Customer Satisfaction Score (CSAT)
You have most likely encountered this survey many times. In its simplest form, it asks customers to rate how happy they are by selecting from 5 emojis. We recommend going a bit deeper and adding a few open-ended questions. Don’t simply ask for quantitative feedback, as for customer comments. It is harder to analyze but also gives you more actionable insights:
‘Why did you choose our service?’
‘How can we improve our service in the future?’
‘Did this interaction meet or fail your expectations?’
Net Promoter Score (NPS)
Please rate how likely you are to recommend our business to friends and family from 1 to 10. This is, in essence, what the NPS measures. The goal is to score 7 or higher, meaning you have a high percentage of delighted customers who act as brand ambassadors. However, as with the CSAT, you can extract more value with open-ended questions. Use the answer to find out your weak points and strong points. We also recommend not to do an NPS survey more frequently than twice a year.

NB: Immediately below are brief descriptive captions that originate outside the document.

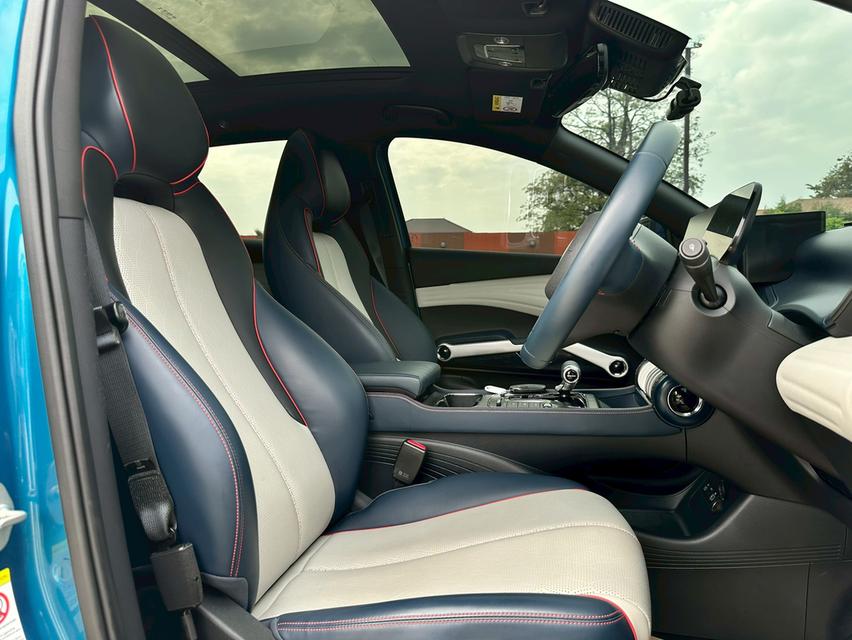 รหัสรถ PAT2046 BYD ATTO3 Extended Range ปี 2022 สีฟ้า 9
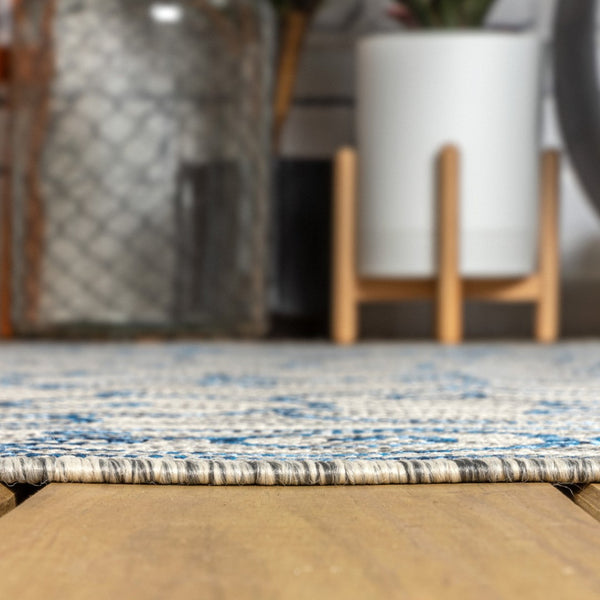 HomeRoots 9' Gray and Navy Blue Round Medallion Rug - Stylish Indoor/Outdoor Area Rug for Any Space 704318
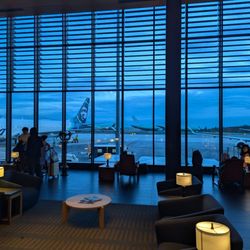 Seattle Paine Field International Airport - Great look out from the lounge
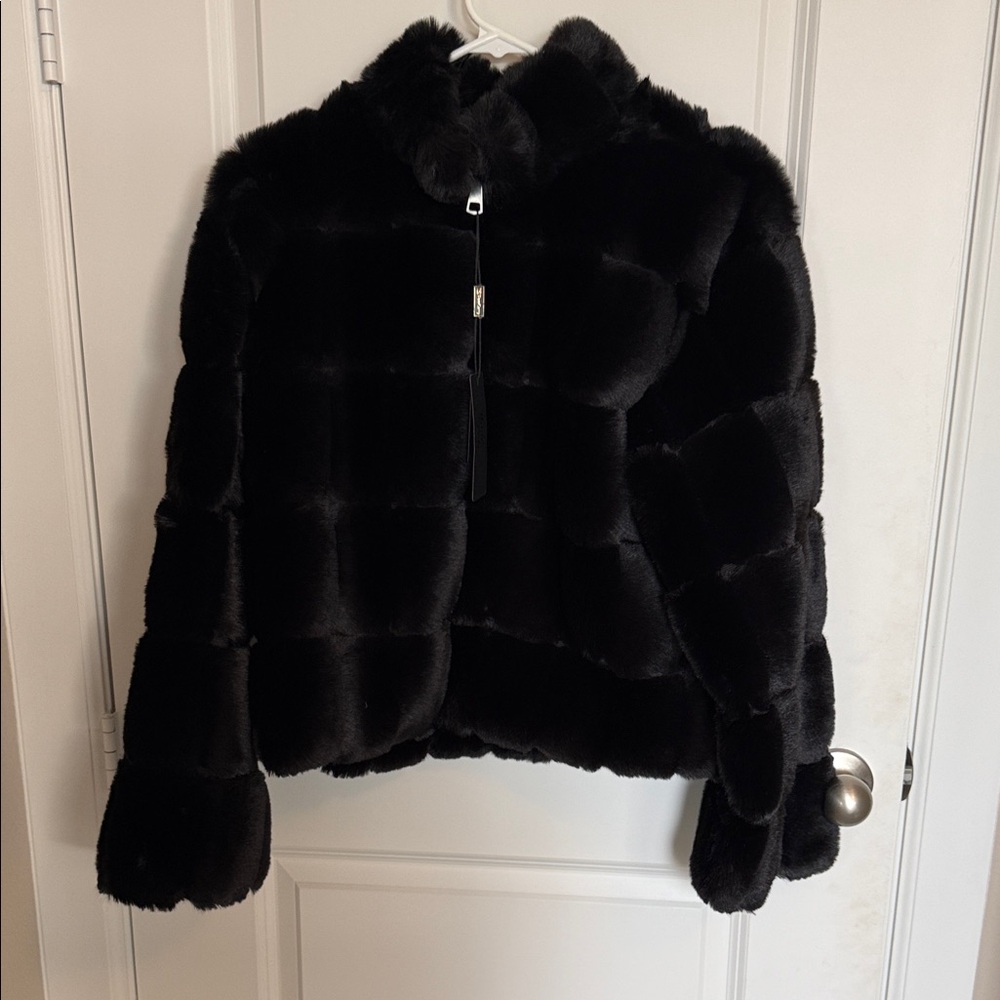 NWT Elegant Black Faux Fur Chubby Jacket - Size Medium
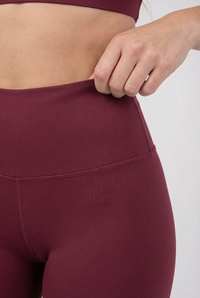 Contour High-Waist Legging Apparel & Accessories > Activewear > Leggings > High-Waist Leggings by Profit Outfits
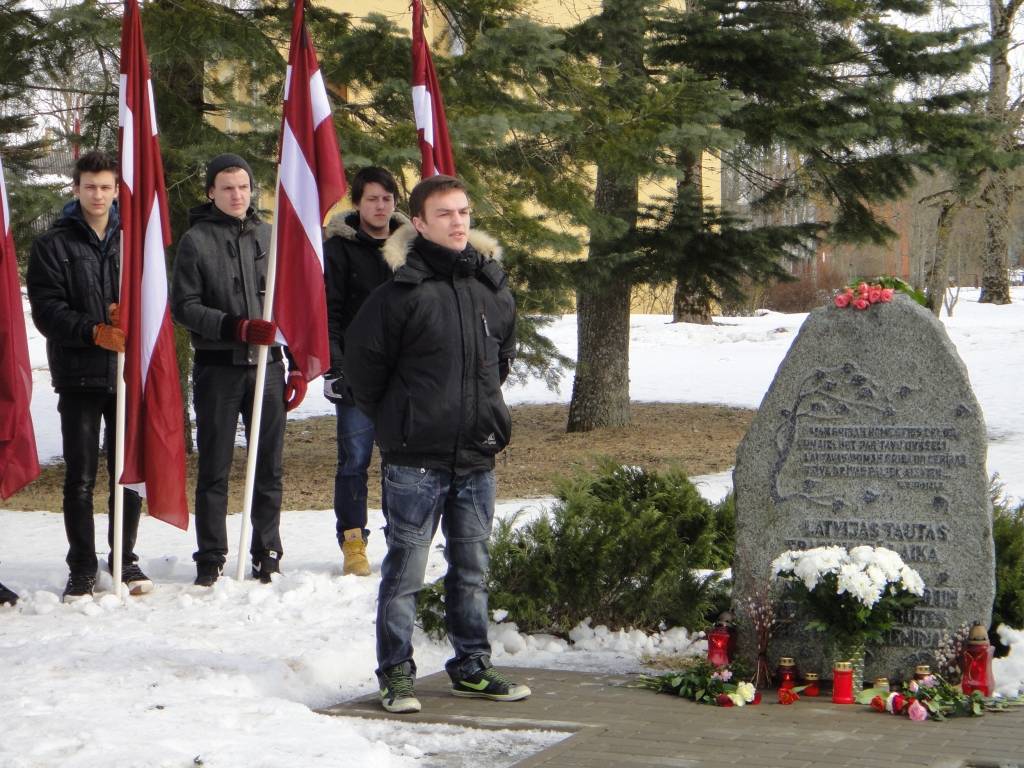 FOTO: Vaiņodē piemin uz Sibīriju izsūtītos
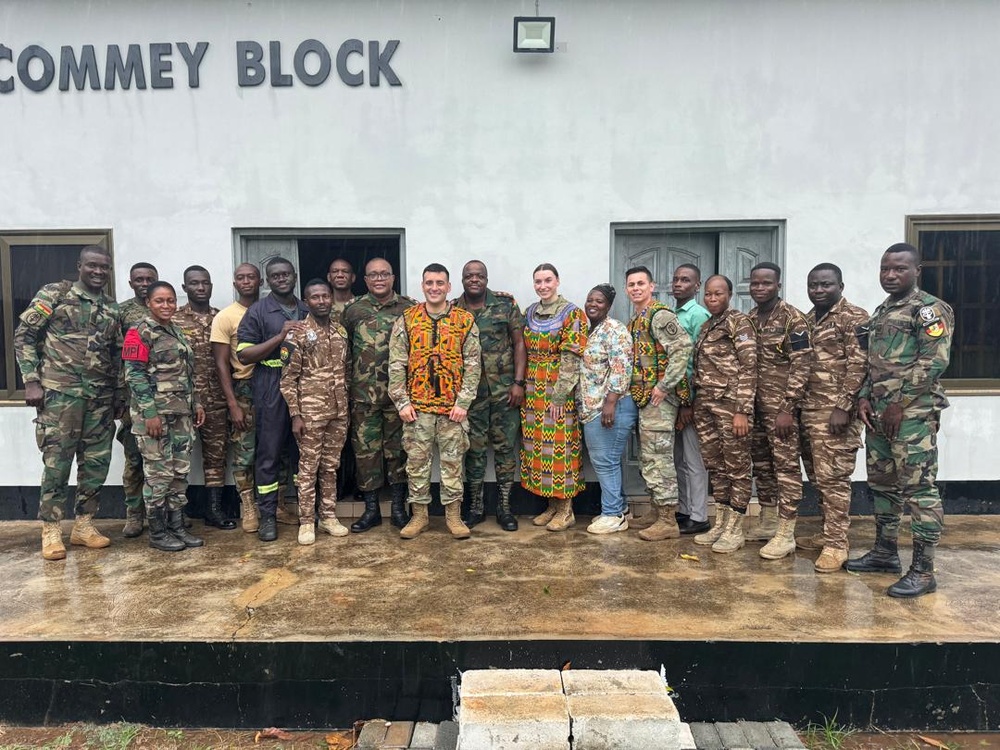 – From 8 May to 31 May a veterinarian and an animal care specialist from Public Health Command Europe supported the three week-long medical readiness exercise in Accra, Ghana.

Customer Effort Score (CES)
The customer effort score shows how easy (or difficult) customers find different steps of your customer journey. Your goal is to provide resolution as quickly as possible with the least effort for the customer. As questions as: ‘What was the most time-consuming step of the process?’ or ‘Did you find it easy and convenient to get in touch with our support team?’.

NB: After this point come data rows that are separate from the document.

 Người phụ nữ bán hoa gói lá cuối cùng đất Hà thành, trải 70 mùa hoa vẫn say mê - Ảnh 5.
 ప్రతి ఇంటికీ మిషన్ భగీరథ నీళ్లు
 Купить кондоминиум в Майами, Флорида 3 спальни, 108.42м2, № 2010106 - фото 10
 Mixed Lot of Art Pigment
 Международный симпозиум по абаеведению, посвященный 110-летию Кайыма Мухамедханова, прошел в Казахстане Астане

Improving your customer perception
Whichever survey method you use, collecting the data is not enough. You need to analyze it and draw conclusions to improve your performance. We have four tips for you.
1. Provide outstanding customer support
We have talked in the past extensively, how you can improve your customer support experience. Let’s recap. The first line of support is your self-service section. Zendesk has various tools to build your knowledge base, create and improve your FAQ, and make sure that your customers can find solutions quickly.

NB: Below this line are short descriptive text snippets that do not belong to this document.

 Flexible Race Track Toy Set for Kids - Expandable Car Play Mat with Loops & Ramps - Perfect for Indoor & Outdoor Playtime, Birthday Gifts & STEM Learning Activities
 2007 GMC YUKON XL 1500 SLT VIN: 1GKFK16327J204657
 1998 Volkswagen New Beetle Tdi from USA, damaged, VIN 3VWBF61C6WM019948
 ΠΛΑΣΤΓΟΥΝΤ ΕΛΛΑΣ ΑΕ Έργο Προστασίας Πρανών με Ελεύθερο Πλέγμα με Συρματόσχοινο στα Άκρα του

Next, you should invest in omnichannel support options. Let your customers come to you on their terms and improve convenience. With Zendesk, you can have seamless conversations across multiple channels, such as email, chat, social media, and messaging. Find out more in our detailed guide on omnichannel support with Zendesk.
To speed up your response times, you can set up triggers and automations. Increase the efficiency of your workflows and improve your customer satisfaction levels in one.
2. Testimonials and success stories
Testimonials help to provide social proof to prospective customers. They are also a great way to display your excellent levels of service. Showing your customers how you helped others succeed through your business will increase your brand perception.
3. Corporate social responsibility (CSR)
The Zendesk CX Trends Report for 2021 found that:
- 63% of customers want to buy from socially responsible companies
- 54% prefer to buy from businesses that care about diversity, equity, and inclusion
- 49% want to experience empathy from a business
Zendesk can change how you engage with your customers. Instead of waiting for them to come to you in case of a problem, you can reach out proactively. You can use these tools to connect with your customers and show that you care about the same issues. Believable CSR is authentic. We recommend focusing on a cause or issue – try polling your employees for ideas – and partnering with a local charity and NGO to support it.
4. One for all, all for one
Customer-centric strategies don’t stop at the customer service department. The whole organization must act as one. Yes, your CX team has the most customer interactions and can best spot problems early on. But to solve them, they need the support of other departments, so all must be aligned and streamlined under the same strategy. Use a CRM (Customer Relationship Management) system to centralize information about all customer interactions into one database. CRMs integrate with other customer-facing tools, like those used by your sales team or marketing team. Make your customer interactions more engaging and uniform across the whole business.
Your brand and your service experience are what sets you apart from the competition. Today it becomes easier than ever to copy a product or service. But your service quality, compassionate staff, and customer perception will always be unique. Whether it is a positive or a negative one, is entirely in your hands.